La livraison au départ des exploitations agricoles constitue un défi. Les idées innovantes ne manquent pas. Ainsi, une startup située dans le Var, Grinoloco, a lancé une campagne de financement participatif afin de développer un service de transport collaboratif de légumes de producteurs locaux. Elle propose à toute personne qui se déplace en ferme de récupérer des légumes commandés par d’autres consommateurs afin de les déposer dans un point relais situé sur son trajet. Il faudra toutefois atteindre une masse critique suffisante de conducteurs pour pouvoir satisfaire la demande des destinataires. Face à cette problématique, Péligourmet et La Charrette, deux autres plateformes de circuits courts, ont privilégié la fiabilisation du service de livraison en se tournant finalement vers les transporteurs professionnels.
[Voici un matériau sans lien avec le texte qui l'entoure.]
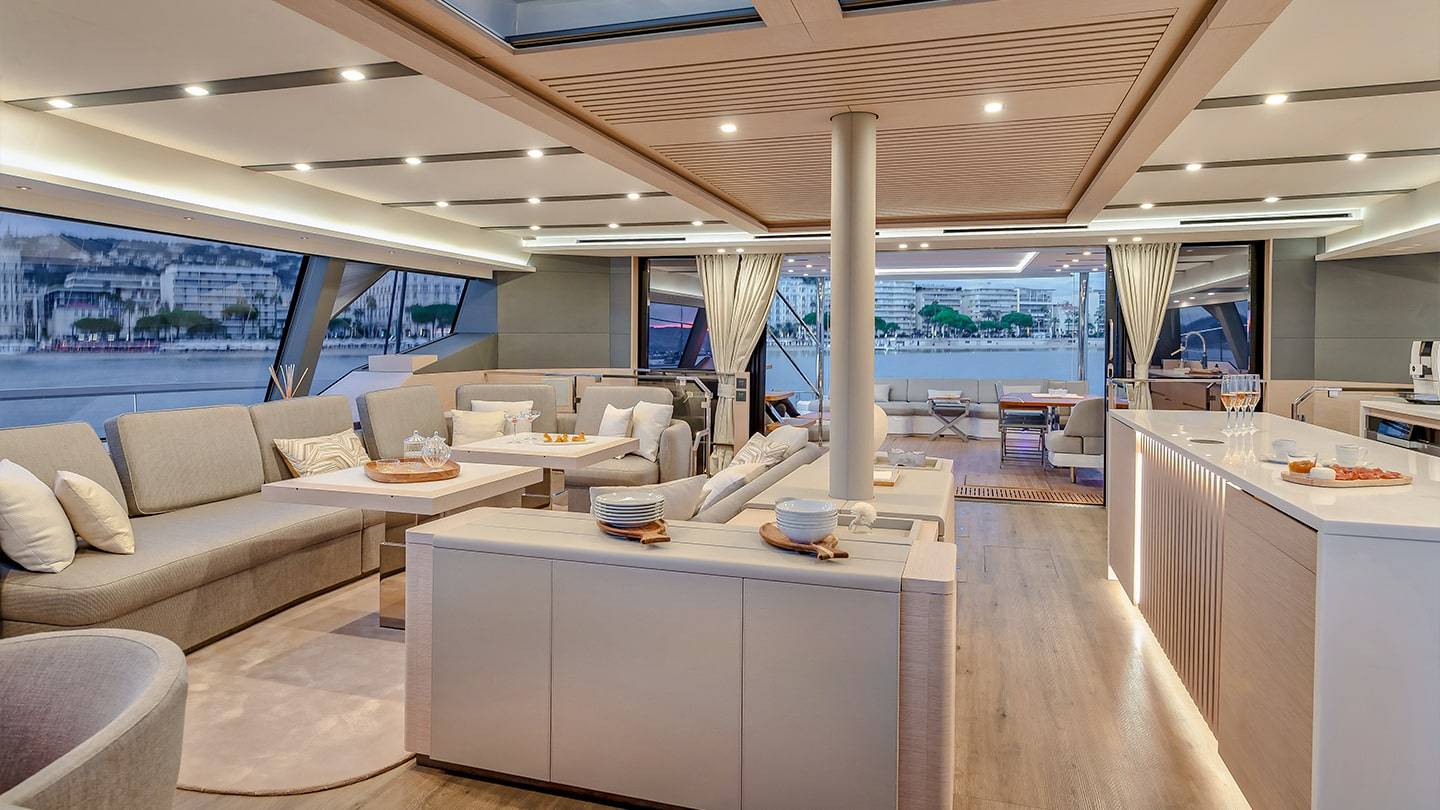 Thíra-80-Fountaine-Pajot-Sailing-Catamarans-Interior-07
Manger local c’est bien, sans emballages c’est mieux !

Parmi les réseaux soutenant la vente en circuits courts, on retrouve les magasins de vente en vrac. Dans l’objectif de réduire leurs déchets, les clients s’y rendent avec leurs propres contenants, les tarent et les remplissent. Selon l’Ademe, l’achat en vrac permet de réduire les déchets de 2,4 kg par an et par personne, ce qui n’est pas sans conséquence sur les flux de déchets dans les grandes agglomérations.[4] Les emballages générés par ces magasins sont récupérés en tournées de collecte par des prestataires spécialisés qui délivrent des certificats de recyclage.

Le retour aux contenants consignés en verre constitue un autre levier de réduction des déchets : 28 kg par an et par personne. De nombreux réseaux de consignes se sont déployés en France, comme Alsace Consigne qui traite 25 millions de bouteilles consignées chaque année. Un tel volume nécessite un traitement logistique spécifique, afin de massifier la collecte des bouteilles, de les transporter en centres de lavage puis de les redistribuer.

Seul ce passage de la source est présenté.